An equation is an object with the following values:

 - `relation`: This is used mostly to identify that we've got an equation. In
   practice, this is always `"~="` (what that means is up to you).
 - `lhs`: this is a `term`, supposedly the left-hand-side of the equation,
   although the only difference from `rhs` is the name.
 - `rhs`: this is a `term`, just like `lhs` except it's the right-hand-side.

Example:

```
{"relation": "~=",
  "lhs":     {"role": "application",
              "lhs":  {"role":   "constant",
                       "type":   "Bool -> Bool",
                       "symbol": "not"},
              "rhs":  {"role": "application",
                       "lhs": {"role":   "constant",
                               "type":   "Bool -> Bool",
                               "symbol": "not"},
                       "rhs": {"role": "variable",
                               "type": "Bool",
                               "id": 0}}},
  "rhs":     {"role": "variable",
              "type": "Bool",
              "id":   0}}
```

### Terms ###

A term is an object containing a `role`, which is one of `"constant"`,
`"variable"` or `"application"`. The other fields depend on what the term's
`role` is:

 - Constants
    - `type`: The type of the constant, a string written in Haskell's type
      notation.
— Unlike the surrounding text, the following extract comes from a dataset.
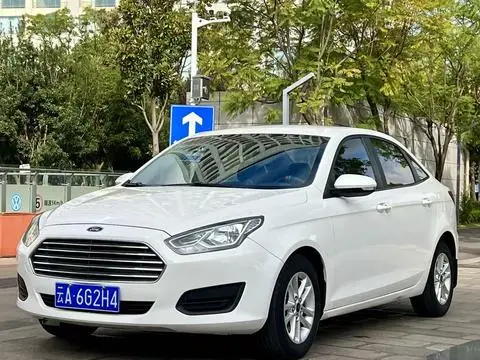 Ford Escort 2019 — фото 1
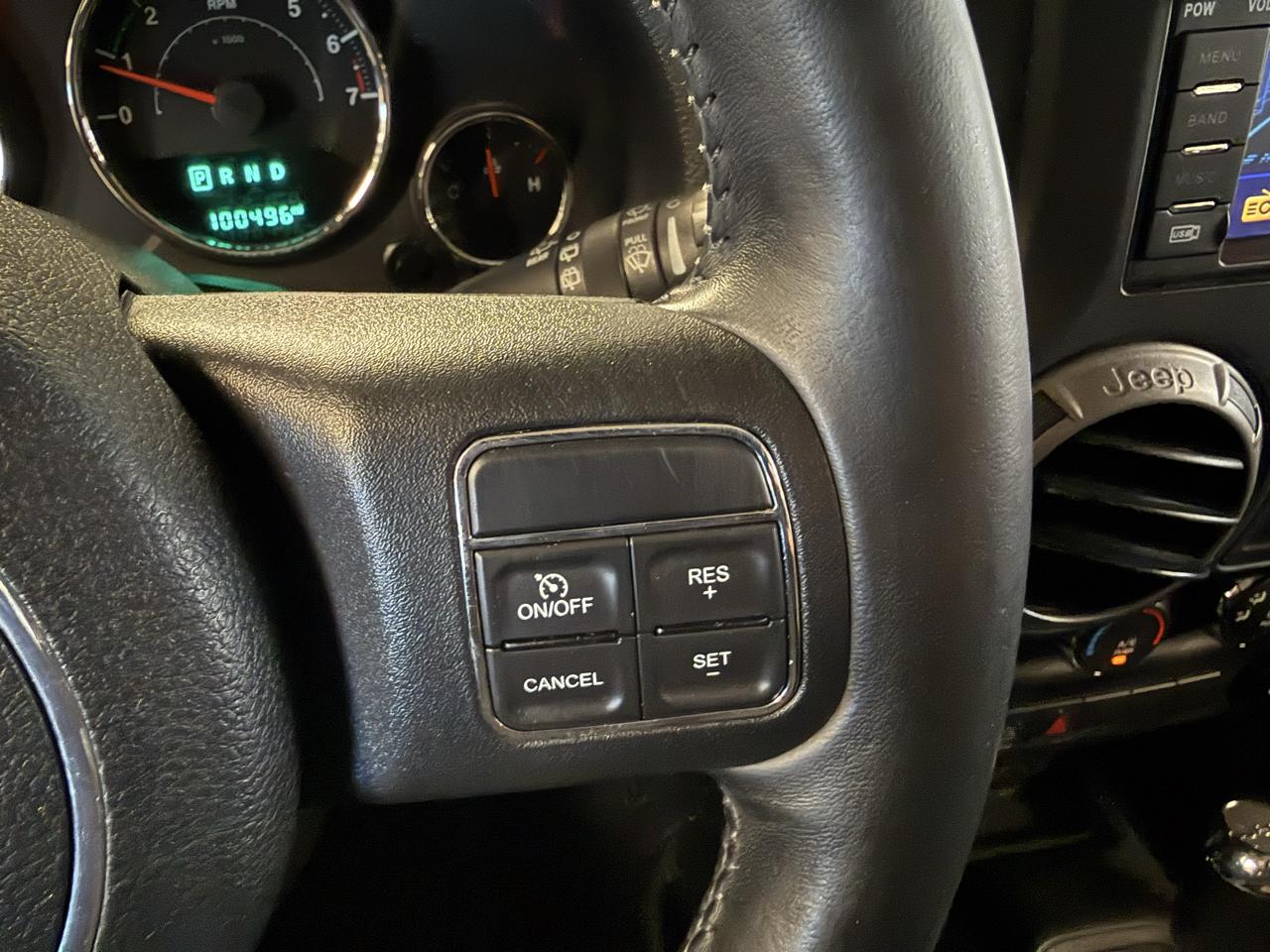 Jeep Wrangler Sport 4WD 2014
This is taken from the given function descriptions. For example
      `"Int -> (Int -> Bool) -> IO Float"`
    - `symbol`: The name of the constant, as a string. For example `"reverse"`.
 - Variables
    - `type`: The type of the variable, a string written in Haskell's type
      notation. The types can be made up, but they should be consistent (e.g.
      both sides of an equation should have the same type; application should be
      well-typed; etc.). Unification of polymorphic types isn't supported; types
      are identified syntactically. For example `"[Int]"`.
    - `"id"`: A numeric ID for the variable. IDs start at `0`. Used to
      distinguish between multiple variables of the same type. Variable ID only
      matters within a single equation. For example, to represent three integer
      variables we might use `{"role": "variable", "type": "Int", "id":0}`,
      `{"role": "variable", "type": "Int", "id":1}` and
      `{"role": "variable", "type": "Int", "id":2}`.
 - Applications
    - `lhs`: A term representing a function to apply.
    - `rhs`: A term representing the argument to apply the `lhs` function to.
      Functions are curried, so calling with multiple arguments should be done
      via a left-leaning tree.

## Implementation Notes ##

We co-opt the equation-reducing machinery of the
[QuickSpec](https://hackage.haskell.org/package/quickspec-0.9.6) library to do
the actual reduction. This relies heavily on existential types and Haskell's
[Typeable](https://hackage.haskell.org/package/base-4.9.0.0/docs/Data-Typeable.html)
mechanism.

Since the incoming equations may have arbitrary types, and GHC doesn't let us
define custom `Typeable` instances, we perform a conversion step:

 - Once an array of equations has been parsed, we recurse through the terms and
   switch out each distinct type with a freshly-generated replacement, of the
   form `Z`, `S Z`, `S (S Z)`, etc. (these are just Peano numerals, e.g. see
   https://en.wikipedia.org/wiki/Successor_function )
 - We provide special functions `getRep` and `getVal` to plumb these Peano types
   into QuickSpec's machinery, convincing it that we have a signature of
   well-typed terms.
 - We reduce the given equations, with their switched-out types, to get a
   reduced set.
 - We switch back the types for presentation purposes, pretty-printing to JSON.